Common alcohol questions

3 Apr

Here’s a few common general knowledge alcohol questions that tend to come up:

1. What is the legal limit for drinking and driving?

A classic – and often starts a rush of speculation as to whether one or two ‘drinks’ is legal. But the legal drink drive limit is not measured in drinks, or even units of alcohol. It is also not to be confused with a ‘safe limit’ – a contradiction in terms as any amount of alcohol could have a negative impact on driving abilities.

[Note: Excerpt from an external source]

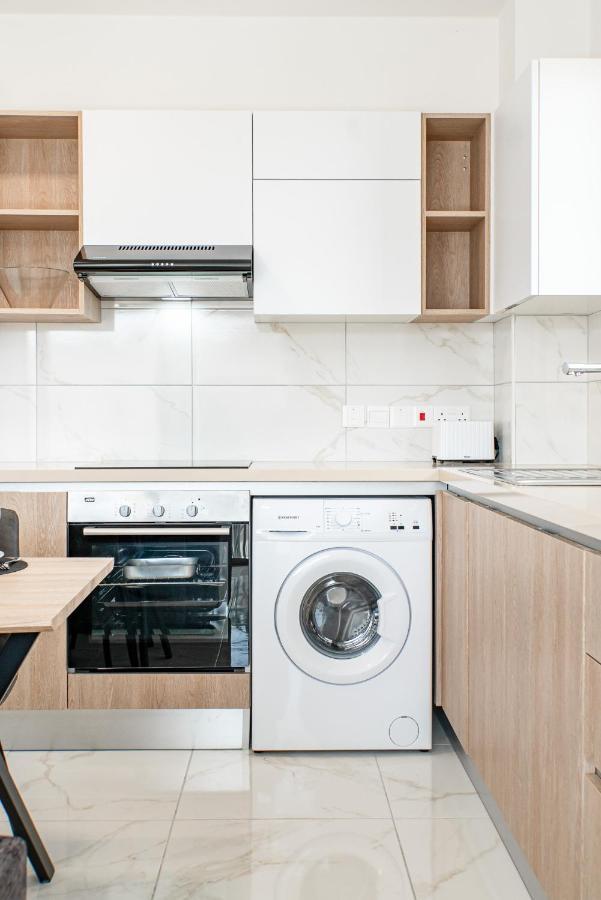 Adolina Apartments By Ezoria Villas Πάφος Εξωτερικό φωτογραφία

The legal alcohol limit for drivers in Great Britain is:

  • Breath Alcohol Content (BrAC): 35 microgrammes of alcohol per 100 millilitres of breath
  • Blood Alcohol Content (BAC): 80 milligrammes of alcohol in 100 millilitres of blood
  • Urine alcohol content: 107 microgrammes of alcohol per 100 millilitres of urine

See here for Direct.gov limits and penalties and drink driving advice (don’t do it!).

2. Do pubs and drinking establishments display the units of drinks and if not why can’t they be legislated to do so

Licensed premises are not by law required to display unit information, however there are commitments to improve information on units including the labelling of glasses and bottles themselves as part of Government’s controversial Responsibility Deal.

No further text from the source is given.